China’s belligerence in Taiwan Strait poses new challenge to US
China is taking aggressive new actions in the Taiwan Strait, escalating Beijing’s routine harassment in the international waterway at a low point in diplomatic relations between Beijing and Washington.
U.S. officials and experts say confrontations between Chinese and American military planes and ships in the region are unavoidable, but the instance of a Chinese warship overtaking a U.S. destroyer earlier this week in the Strait is almost unprecedented.
“In the Taiwan Strait, it certainly is new,” said Bonnie Glaser, managing director of the German Marshall Fund’s Indo-Pacific program.
“Maybe this has been happening in the South China Sea, but in the Taiwan Strait, the Chinese generally shadow U.S. ships, they get on the comms and tell them to leave — but I know of no prior case of that kind of dangerous maneuver.”
In a video of the incident, the Chinese naval ship overtakes the U.S. destroyer and crosses the bow with 150 yards between the ships, according to U.S. Indo-Pacific Command.
Experts say it’s unclear why China decided to carry out such a provocation — whether they were reacting to U.S. support for Taiwan, attempting to distract from domestic troubles, or peacocking during a high-profile defense summit in the region.

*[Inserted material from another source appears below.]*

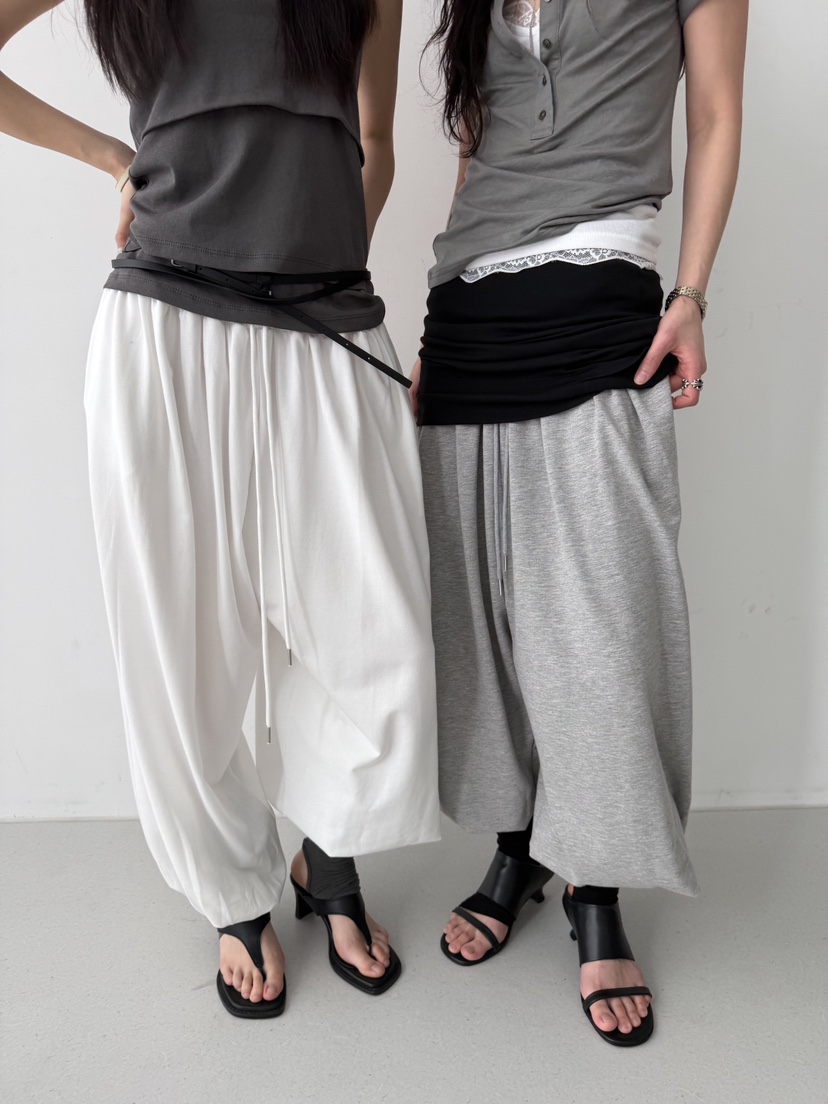 MINIMUZE東大門代購女裝新品真品26春夏熱賣推薦人氣休閑褲MINIMUZE休閑褲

“Fundamentally, this is really about power and political signaling,” said Peter Dutton, professor with the Stockton Center for International Law at the U.S. Naval War College.
“The Chinese know the law, they understand the collision regulations, they understand exactly what they’re doing, so it’s unusual in the sense that they are engaging in dangerous behavior in order to send political and power-base signals.”
Tensions between the U.S. and China have flared in recent months — over the U.S. shooting down a Chinese spy balloon and Speaker Kevin McCarthy (R-Calif) meeting with Taiwan’s president — and show little sign of improving.
President Biden is pushing for Chinese President Xi Jinping to establish predictable channels of communication that continue to operate even as unexpected crises upend the relationship — such as air and naval confrontations in the disputed South China Sea.
Beijing has responded to some efforts by the U.S. and stonewalled others. CIA Director William Burns traveled to China in May, a U.S. official confirmed to The Hill, and talked about “the importance of maintaining open lines of communication in intelligence channels” with his Chinese counterparts.
But China Defense Minister Li Shangfu rejected outreach by Secretary of Defense Lloyd Austin to hold a meeting on the sidelines of the Shangri-La Dialogue in Singapore last week.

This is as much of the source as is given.